Excerpted data —
=-=-=-=-=

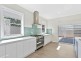 41A Korrongulla Crescent, Primbee NSW 2502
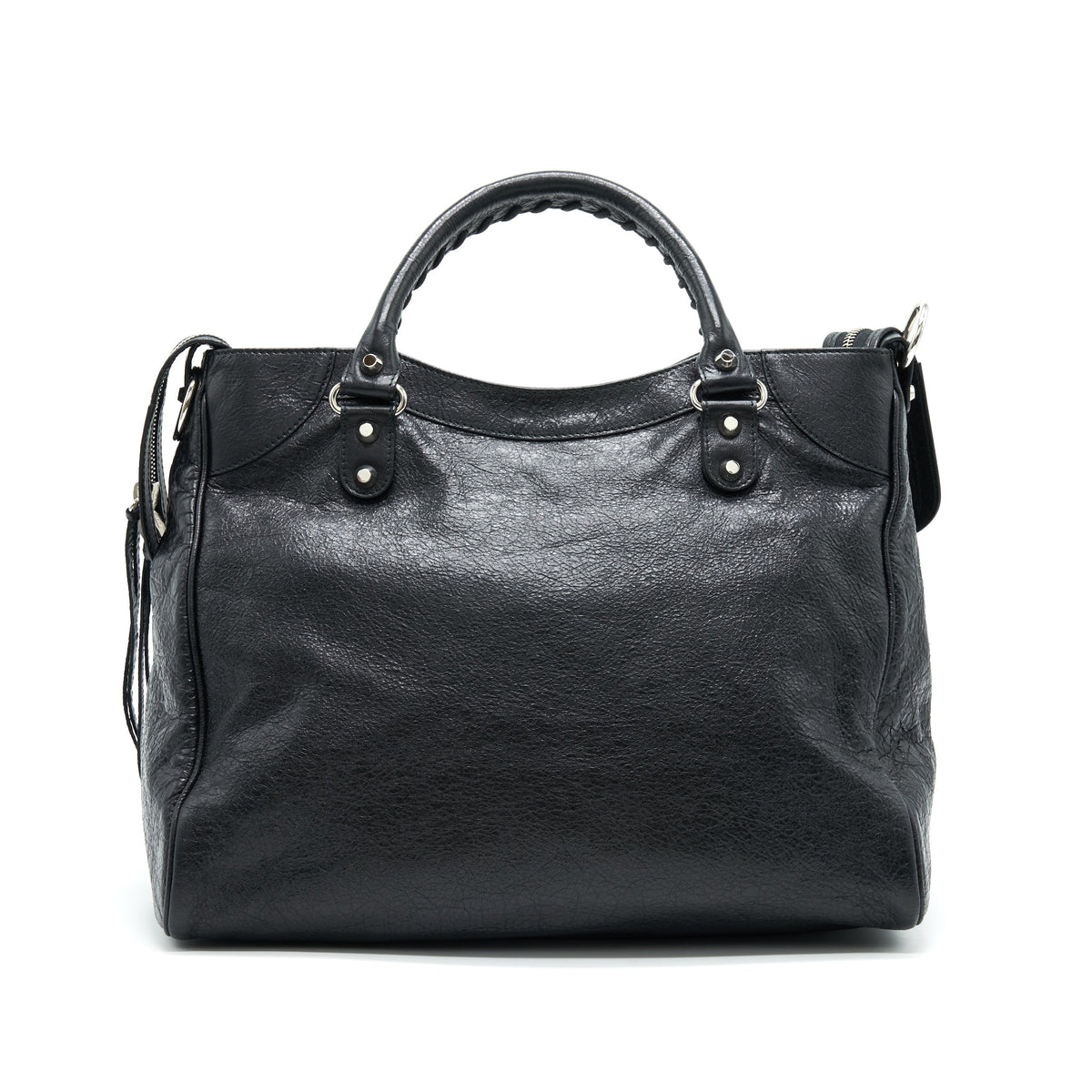 balenciaga-shoulder-handbag-in-black-in-shw-1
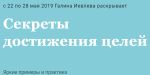 1559678080807.png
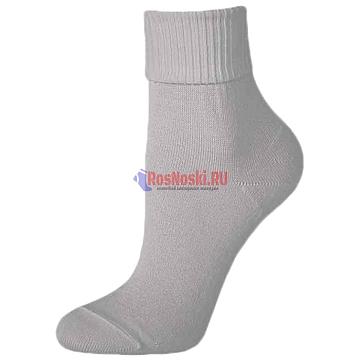 Носки жен. 1202 BASIC 033 беж КСЗ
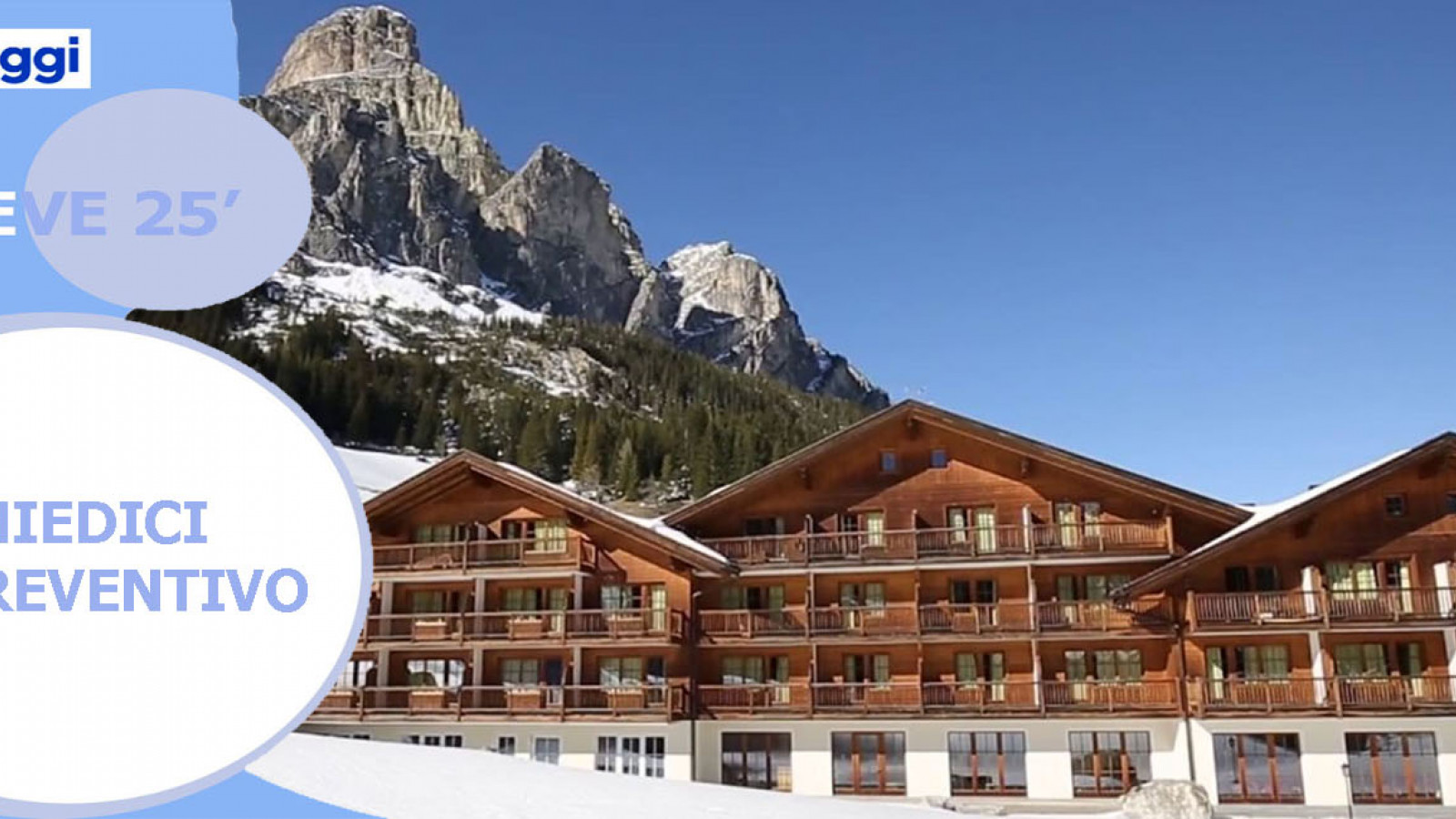 2025 neve alto adige th greif corvara IN3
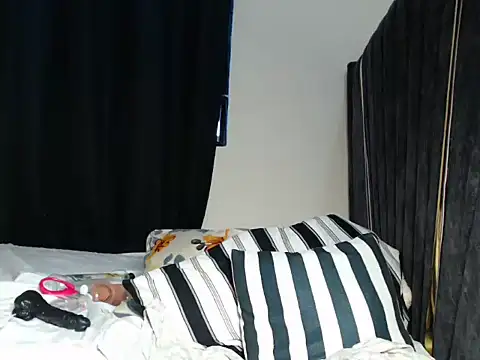 leylawalker
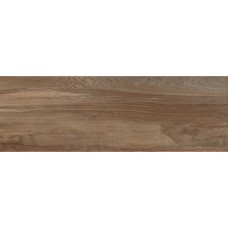 Keramische tegel Aequa 60x60x2 cm Castor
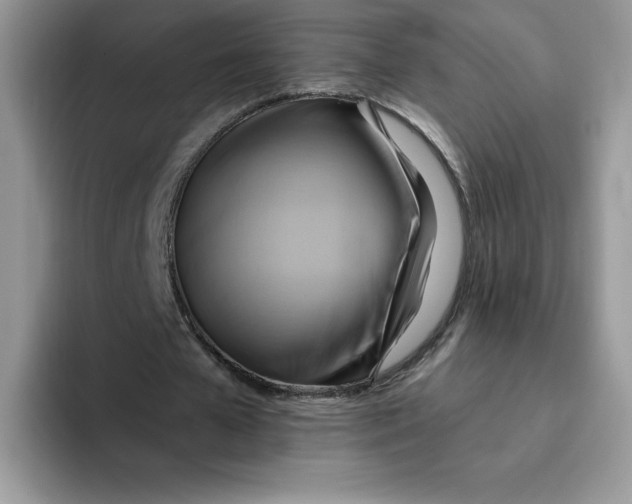 X0000091580577200709171117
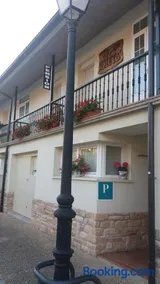 Pensión Amets - Image 2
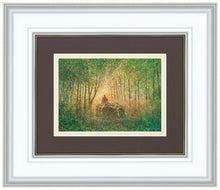 Load image into Gallery viewer, Homeward Bound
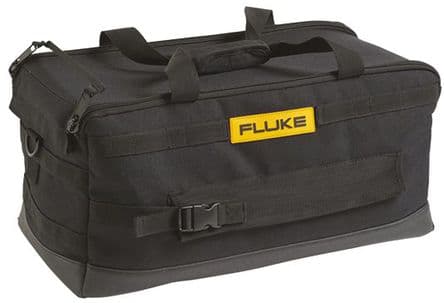 Fluke Electronics C1620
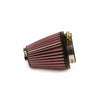 K&N AIR FILTER UNIVERSAL 54MM FLANGE RC-1920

=-=-=-=-=

Work to complete — The lines to be extracted begin at the line containing "Pensión Amets - Image 2" and continue through the final line of the material above, both ends included. Reproduce them exactly, without the pictures.

Solution to this exercise —
 Pensión Amets - Image 2
 Load image into Gallery viewer, Homeward Bound
 Fluke Electronics C1620
 K&N AIR FILTER UNIVERSAL 54MM FLANGE RC-1920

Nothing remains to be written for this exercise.